- Genre: Talk show Video podcast
- Presented by: Cynthia Loyst; Jessica Allen; Andrea Bain;
- Theme music composer: Nick Fowler
- Country of origin: Canada
- No. of seasons: 13
- No. of episodes: 1,000+

Production
- Production locations: Bell Media Queen Street Toronto, Ontario

Original release
- Network: CTV
- Release: September 2, 2013 – present

= The Social (talk show) =

The Social is a Canadian daytime television talk show, which airs weekday afternoons on CTV and CTV 2. Using a panel format similar to American talk shows such as The View or The Talk, the show is hosted by Andrea Bain and Cynthia Loyst. On Friday editions, Jessica Allen serves as an additional co-host.

The series covers news, lifestyle and entertainment topics, and places a strong emphasis on direct and live interaction with viewers through social media. In August 2026, Bell Media announced the program would be "reimagined" as a video podcast beginning with the fourteenth season, but would continue to air on CTV and Crave.

==History==
The show premiered on September 2, 2013, originally hosted by Melissa Grelo, Elaine Lui, Loyst and Traci Melchor with Allen as a digital correspondent for the show.

Grelo took a maternity leave from the program in spring 2014. A series of celebrity guest hosts appeared during her absence, including Jann Arden, Marilyn Denis, Wendy Crewson, Elisha Cuthbert, Arlene Dickinson, Arielle Kebbel, Emily Procter, Sarah Rafferty and Debbie Travis.

Logo used from 2013 to 2019

Melchor took a leave of absence from the show in 2016, with Marci Ien stepping in as a substitute host following the cancellation of Canada AM. Melchor later revealed that she took the leave of absence for mental health reasons, after bursting into uncontrollable tears while preparing for an interview with Lynn Keane, an author who had published a book about her son's suicide, leading Melchor to realize that she had not fully processed her grief over the 2015 death of her friend Chris Hyndman.

Melchor announced in March 2017 that she would not be returning to the program full-time, instead concentrating on her duties with eTalk, although she will occasionally still appear on the show as a substitute host when one of the regulars is away. Ien became a permanent cohost of the program in 2017. She left the program upon her election to the House of Commons of Canada for the federal electoral district of Toronto Centre in 2020.

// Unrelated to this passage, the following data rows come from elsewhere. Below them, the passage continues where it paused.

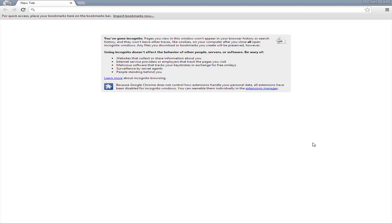If you don't know what AdBlock is, it is an extension found through the Google App Market. Pretty much what it does is that whenever you go on a website and it has ads, it makes it so that you can't see the ad, and therefore the website doesn't make money off the ad.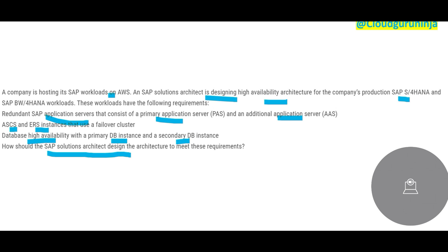ASCS stands for Application Server Central Services, and ERS is the Enqueue Replication Server. We include ASCS and ERS because we want duplication and high availability with failover — so if the application has downtime on one instance, the other can still do the job. Importantly, for ASCS failover to work, both ASCS and ERS must be in different subnets.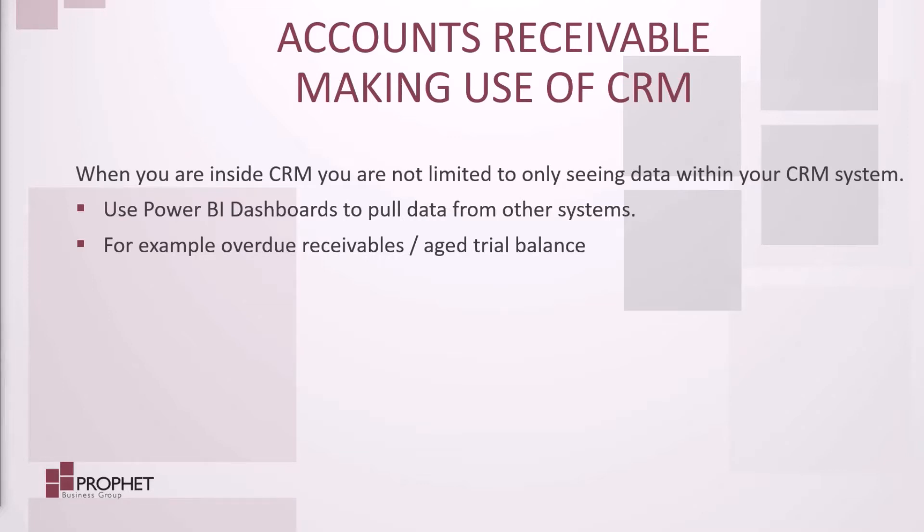If you have any questions about Power BI, CRM or Microsoft Dynamics GP, please call Profit Business Group. You can check our website at www.profit.ca.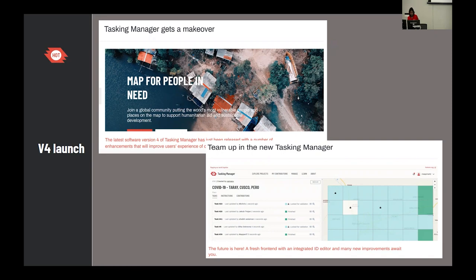We did extensive user experience research to understand what needed to be improved for better mapping workflows and validation. We introduced the idea of teams — mapping teams, validation teams — and organizations registering themselves on Tasking Manager. After the version 4 launch, for about a year we were introducing features around statistics to understand the impact we create for organizations and users. After those improvements, the tool entered maintenance mode.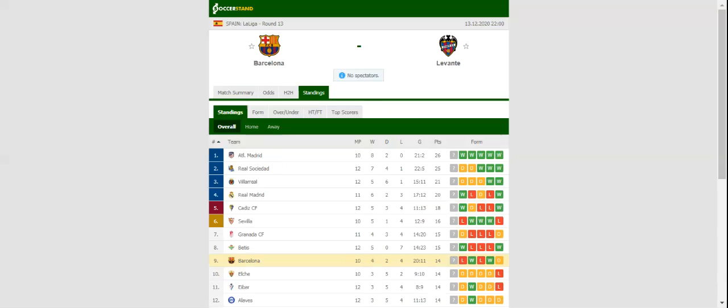Barcelona will be aiming to make amends for a 2-1 loss to Cadiz when they welcome Levante at their Camp Nou on Match Day 13.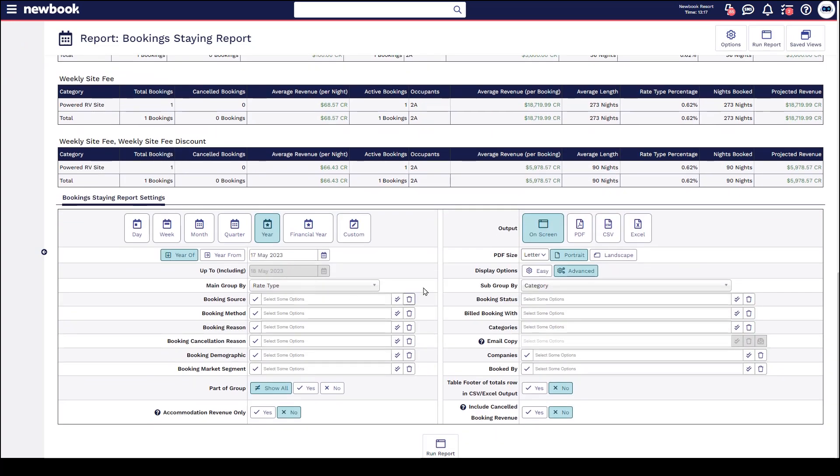Always remembering that if you want to run your report in a different format you have your output options on the right where you can print as PDF and email if you need to as well. CSV to export and Excel to export.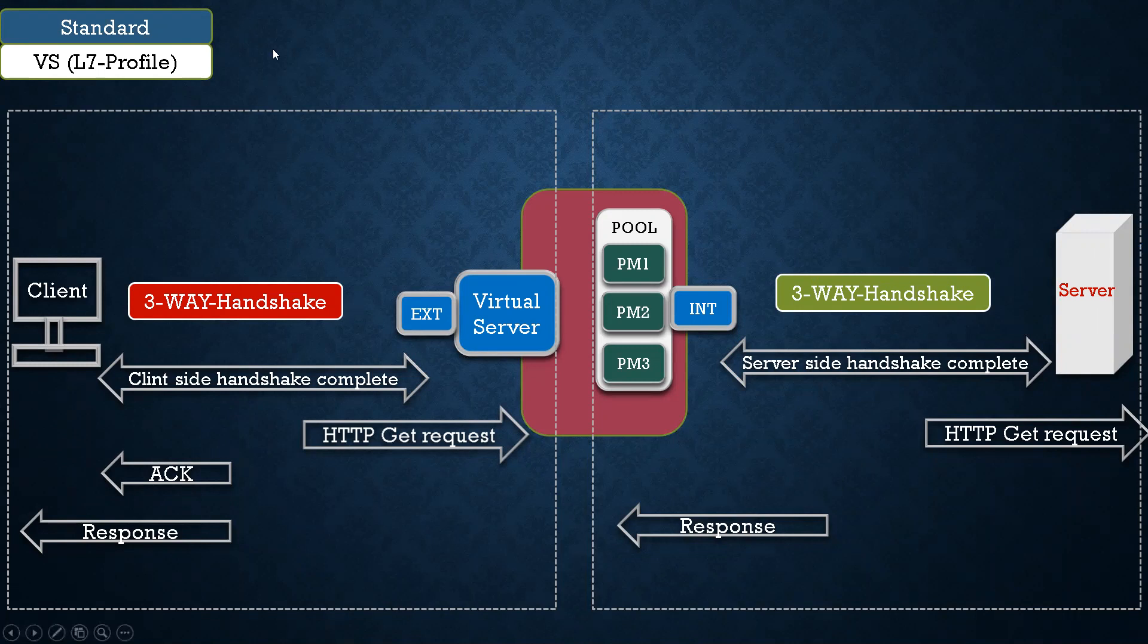So this is the standard virtual server. Please comment if you like this video, please share this with your friends, and if you want to join the course, please ping me on WhatsApp and I will give you the details.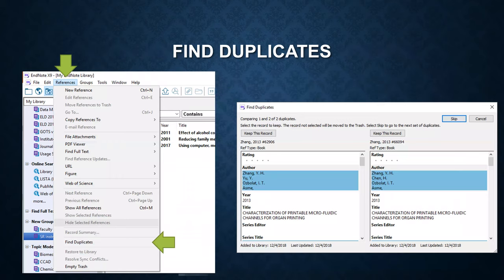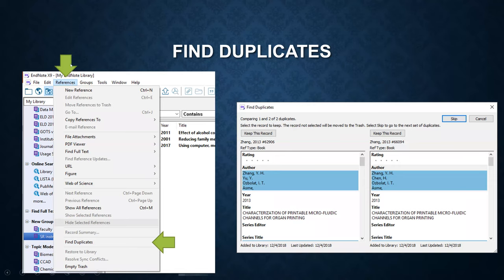Next is how to find duplicates. Before you try this feature, you have to set it up. I'm going to show you how to do this feature first. Go to the references and click on find duplicates.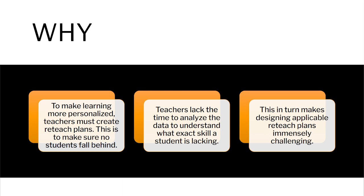Teachers must create reteach plans that accommodate all students. This can be time-consuming and very complex. Not only do teachers need to identify who needs help, they also need to identify what parts of the assignment the students struggled on. We look to simplify this process with the reteach plans generator.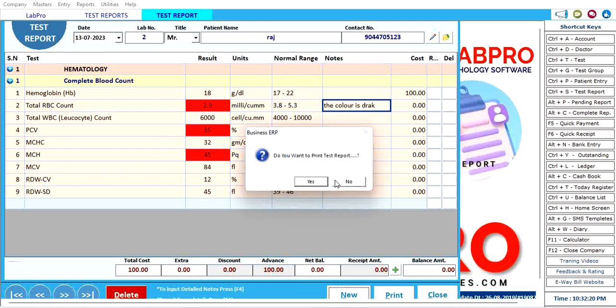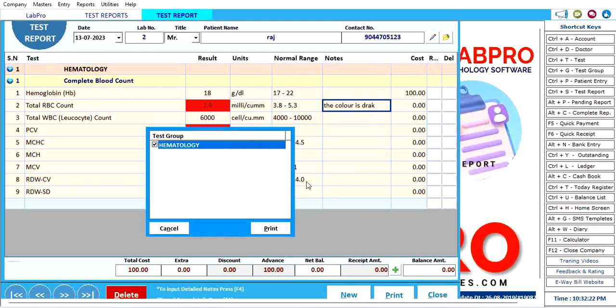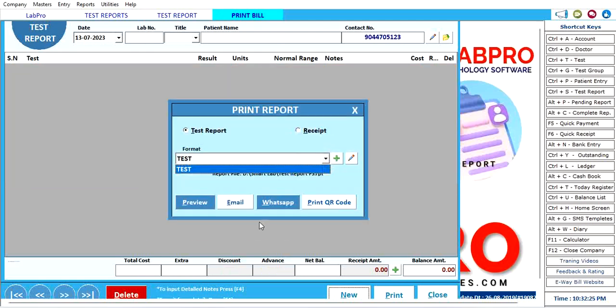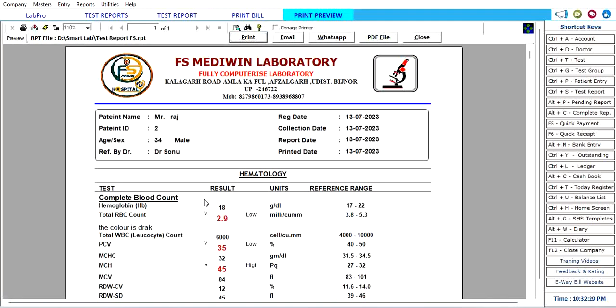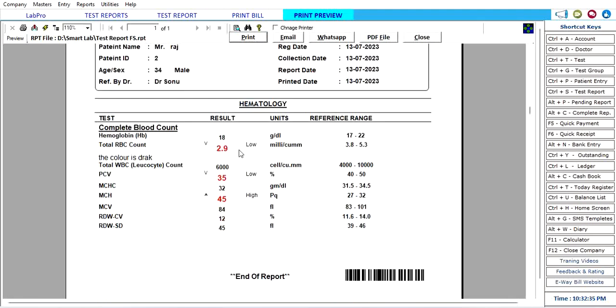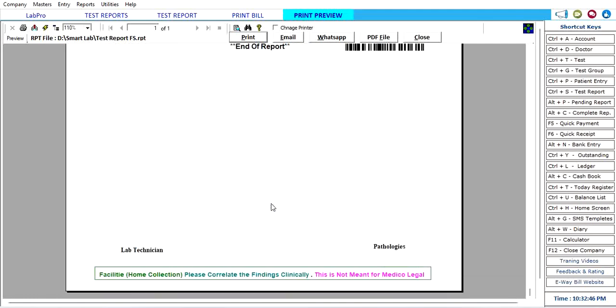Now you can see the print test report. Click here, select your prescribed report format, and click on preview button. See the demo receipt, final receipt. Your pathology here, your test, the test I selected here, and the color is showing.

Lui announced her departure from the program in summer 2023 after ten years, with Andrea Bain announced as her successor.

In August 2026, it was announced that Grelo would be departing the program. With Grelo's departure, Loyst is the only original co-host remaining since the show's beginning in 2013. It was also announced that the show ould switch formats, becoming a video podcast from its fourteenth season, losing its live studio audience. The new format was met with criticism following the season premiere. In an op-ed for the Toronto Star, Leanne Delap wrote "[w]ithout all those people in the room, reacting in real time with murmurs of assent or disagreement or spontaneous applause, we lose a feeling of representation in the conversation, as well as a depth of sound for the viewer at home."

==Controversy==
=== Jess Allen comments on hockey players ===
On November 12, 2019, during a discussion regarding the firing of ice hockey commentator Don Cherry from Hockey Night in Canada, Allen said that she doesn't "worship at the altar of hockey" and found that those who did, in her experience, "all tended to be white boys who weren't, let's say, very nice." Allen also added, "they were not generally thoughtful, they were often bullies." Allen later clarified on Twitter saying, "I never said every white boy, just the ones whose unsavoury behaviour, which didn’t feel very Canadian, I witnessed. Because of this, I am guilty of having conflicted feelings about hockey being so closely linked to our national identity." On November 13, Allen acknowledged that she "struck a nerve with many people." The controversy resulted in social media backlash, including the hashtag #FireJessAllen, and the Canadian Broadcast Standards Council issuing a notice on their website that they had received "a large number of similar complaints" and that "no further complaints will be accepted by the CBSC on this issue." On November 14, CTV issued a statement apologizing to "everyone who was offended by the remarks,". However, they wouldn't restrict their hosts from "offering their opinions on an opinion show," but they will "always listen to viewers when they offer theirs." Allen also issued an apology saying she was only speaking about hockey players she knew personally, and that Don Cherry reminded her of them; however, she couldn't "apologize to the very specific hockey players" she was originally referring to.

==International broadcasts==
The series began airing in syndication in the United States through PPI Releasing and Sony Pictures Television via selective markets since September 2015, although a few stations had started airing the show during a test run prior to the push to expand it in more American television markets. It had been targeted for a soft 2014 US launch but was held back in order to give the show enough time to find its footing.